Dataset records
==*==

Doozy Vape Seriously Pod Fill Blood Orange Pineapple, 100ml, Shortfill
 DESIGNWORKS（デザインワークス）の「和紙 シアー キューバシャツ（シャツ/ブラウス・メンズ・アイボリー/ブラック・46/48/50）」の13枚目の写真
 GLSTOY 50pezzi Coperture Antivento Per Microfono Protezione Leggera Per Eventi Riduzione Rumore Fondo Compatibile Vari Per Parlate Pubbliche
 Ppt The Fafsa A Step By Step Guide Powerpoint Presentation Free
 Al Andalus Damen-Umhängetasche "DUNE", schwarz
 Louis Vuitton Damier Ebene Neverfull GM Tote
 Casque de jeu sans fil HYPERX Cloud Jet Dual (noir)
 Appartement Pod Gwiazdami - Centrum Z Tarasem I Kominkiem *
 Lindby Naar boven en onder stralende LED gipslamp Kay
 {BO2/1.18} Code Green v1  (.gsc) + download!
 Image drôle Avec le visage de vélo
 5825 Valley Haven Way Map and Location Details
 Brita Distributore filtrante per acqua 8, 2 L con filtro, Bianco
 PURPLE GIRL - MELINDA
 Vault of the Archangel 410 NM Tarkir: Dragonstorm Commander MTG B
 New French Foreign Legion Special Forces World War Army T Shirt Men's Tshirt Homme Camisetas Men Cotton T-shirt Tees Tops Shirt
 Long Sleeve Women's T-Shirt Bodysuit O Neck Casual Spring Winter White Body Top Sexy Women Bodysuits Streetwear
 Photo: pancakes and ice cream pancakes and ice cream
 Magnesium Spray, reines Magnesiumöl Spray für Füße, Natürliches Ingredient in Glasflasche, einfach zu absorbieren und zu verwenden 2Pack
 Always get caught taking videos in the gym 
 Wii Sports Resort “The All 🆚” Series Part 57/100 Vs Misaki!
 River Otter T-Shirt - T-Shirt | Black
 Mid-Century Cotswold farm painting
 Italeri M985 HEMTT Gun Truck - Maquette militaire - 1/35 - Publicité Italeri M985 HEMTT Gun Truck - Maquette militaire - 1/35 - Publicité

==*==

WORK INSTRUCTION.
Write out only those lines of the entries that lie between the line containing "Vault of the" and the last line, inclusive, reproducing them exactly.

RESPONSE TO THIS TASK.
 Vault of the Archangel 410 NM Tarkir: Dragonstorm Commander MTG B
 New French Foreign Legion Special Forces World War Army T Shirt Men's Tshirt Homme Camisetas Men Cotton T-shirt Tees Tops Shirt
 Long Sleeve Women's T-Shirt Bodysuit O Neck Casual Spring Winter White Body Top Sexy Women Bodysuits Streetwear
 Photo: pancakes and ice cream pancakes and ice cream
 Magnesium Spray, reines Magnesiumöl Spray für Füße, Natürliches Ingredient in Glasflasche, einfach zu absorbieren und zu verwenden 2Pack
 Always get caught taking videos in the gym 
 Wii Sports Resort “The All 🆚” Series Part 57/100 Vs Misaki!
 River Otter T-Shirt - T-Shirt | Black
 Mid-Century Cotswold farm painting
 Italeri M985 HEMTT Gun Truck - Maquette militaire - 1/35 - Publicité Italeri M985 HEMTT Gun Truck - Maquette militaire - 1/35 - Publicité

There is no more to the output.